With wild cats and triple options all the rage, traditional running styles have become virtually extinct throughout college football. Read about it inside

True 1,000 yard rushers are rare gems this day and age, further proving the significance of such workhorses as former Ole Miss running back BenJarvus Green-Ellis.

The trendy use of multi-back systems has become the norm, as keeping a varied rotation of different runners has proven more efficient, while remaining equally productive.

That rushing style hasn't skipped the city limits of Oxford, as Ole Miss head coach Houston Nutt has molded an effective ground attack that finished the regular season ranked third in the Southeastern Conference.

"I've been very pleased with our running game," said Nutt. "Our offensive line really started to move the pile at the end of the season. Our backs ran hard and you could see their confidence grow with the more carries they got."

While the Rebels feature a stable of running backs that touch the ball each Saturday, one in particular has continually held his own this season.

Junior Cordera Eason entered 2008 as the only Rebel rusher with any true gametime experience. While limited with few carries during his first two seasons, the Meridian native was still looked upon to shoulder the rushing load early.

The transition to starter wasn't easy however, as Eason struggled to adjust to the grind that comes with being the team's featured back.

"At the beginning of the season, I was still adjusting to the speed of the game," he said. "But the further we got into the season, the more mature our entire offense became. That made things easier for me. I tried to hit the holes they would make for me, instead of missing them like I did earlier in the season."

Despite being assigned the starting position in spring practice, Eason was frequently written off by outsiders as one to merely keep the seat warm for the trio of incoming running backs signed by Nutt and Co.

However, the junior would never relinquish his starting role, while only getting stronger as the regular season drew to a close.

"When Cordera got comfortable with the offense, he really improved," said offensive coordinator Kent Austin. "He's very coachable and works very hard. He really cares about being good. We expect our guys to get better as the year goes on and play more mature. Cordera did that."

With his maturity level rising, Eason began to run with more authority. In doing so, the coaching staff started to rely on No. 25 to finish games (a la a Marion Barber-type closer).

"It's always good when the coaches rely on you when it's crunch time," Eason said. "It makes you feel like they trust you and have faith in you. It makes me feel real good that they depend on me to kill the clock. I love it."

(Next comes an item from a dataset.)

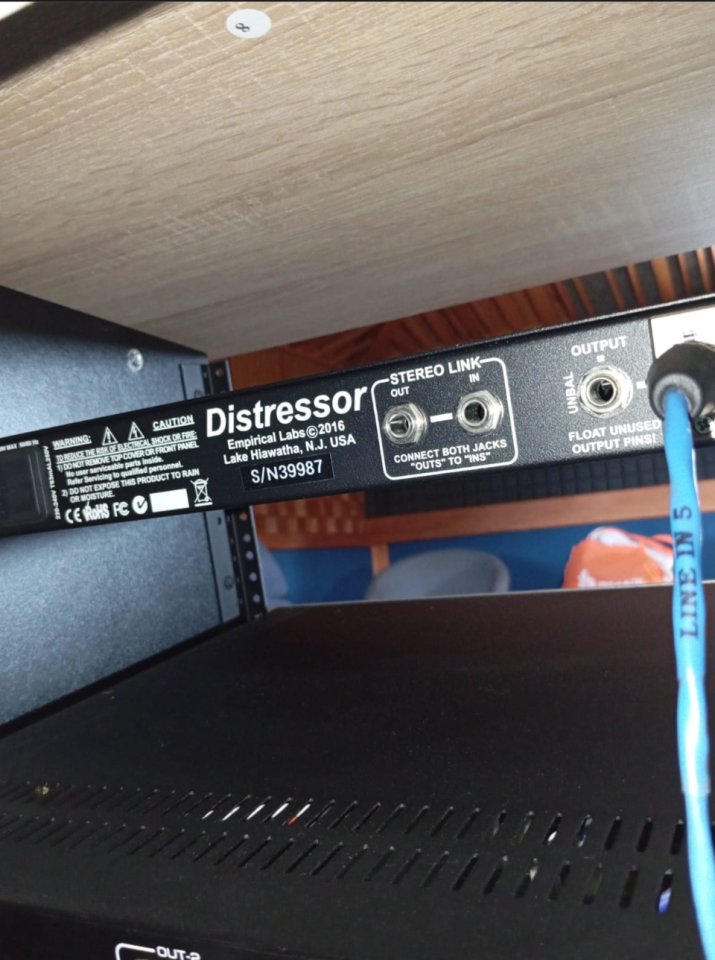 Compresor Empirical Labs Distressor EL8-X de segunda mano · Foto 3 de 4 · Asturias · 1600 €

Eason's ability to grind out clock will surely be utilized in Dallas, as Texas Tech presents one of the more potent offensive machines in the country. The Red Raiders rank second in the Big 12 in scoring offense, averaging more than 44 points per game.

"Texas Tech is going to score regardless," Eason explained. "We have to keep our defense off the field as much as possible and control the clock as much as we can. We're going to do our best to make it a shootout."

While the January 2nd matchup may prove to be of the high scoring variety, Ole Miss has proven capable of putting up points in bunches - the Rebels rank third in the SEC in total offense.

But if the game is close and time of the essence, the coaching staff can simply call on Cordera, their closer, to ride them to victory.